Polska"Śledztwo ws. Kaczmarka kierowane jest na bezdroża"

"Śledztwo ws. Kaczmarka kierowane jest na bezdroża"

Zbigniew Ziobro uważa, że śledztwo przeciw Januszowi Kaczmarkowi podejrzanemu w związku z przeciekiem akcji CBA w resorcie rolnictwa, jest celowo kierowane "na bezdroża, w ślepą uliczkę". Dodał, że czynności prokuratury nie są prowadzone w zakresie głównego nurtu. Jak ocenił, to śledztwo jest klapą" i kompletnym niepowodzeniem.
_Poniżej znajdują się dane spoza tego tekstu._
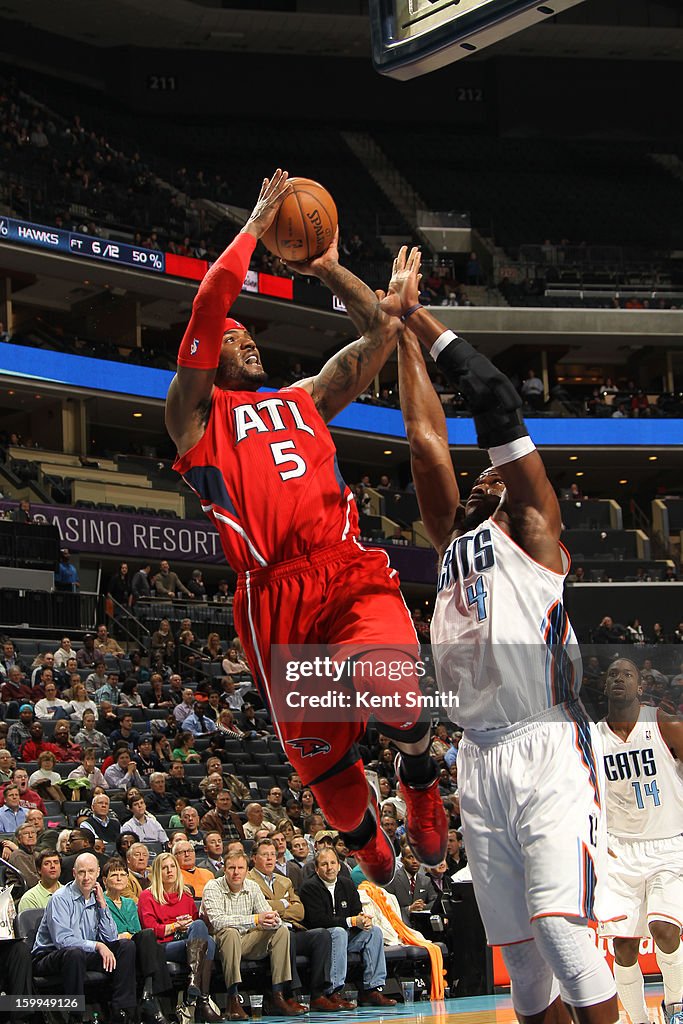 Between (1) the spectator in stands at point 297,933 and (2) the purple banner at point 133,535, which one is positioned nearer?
(1) the spectator in stands at point 297,933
"Śledztwo ws. Kaczmarka kierowane jest na bezdroża"
Źródło zdjęć: © PAP

10.03.2008 | aktual.: 10.03.2008 15:49

Były minister powiedział, że z satysfakcją i uznaniem przyjął śledztwo dziennikarskie przeprowadzone w sprawie przecieku. Jak ocenił, potwierdza ono ustalenia śledztwa prowadzonego w czasie, gdy był prokuratorem generalnym.

Zdaniem polityka PiS, są podstawy, by twierdzić, że obecnie śledztwo w sprawie przecieku jest przeciągane po to, aby móc je w końcu umorzyć.

Nie sądziłem, że tak szybko będą podejmowane próby, aby to śledztwo sprowadzić na boczny tor, w ślepy zaułek, tylko po to, żeby wrócić do zasady, że są równi i równiejsi, że osoby, które pełniły bardzo ważne funkcje, które mają wpływ na polityków, które mają ogromne pieniądze, mogą liczyć na szczególne traktowanie - mówił.

Ziobro zaapelował do mediów o niedopuszczenie do ukręcenia śledztwa na oczach opinii publicznej. Zwrócił się też do obecnie rządzących resortem sprawiedliwości, mówiąc, że "czas biegnie szybko" i z wszelkich zaniechań obecna władza zostanie rozliczona przez następców.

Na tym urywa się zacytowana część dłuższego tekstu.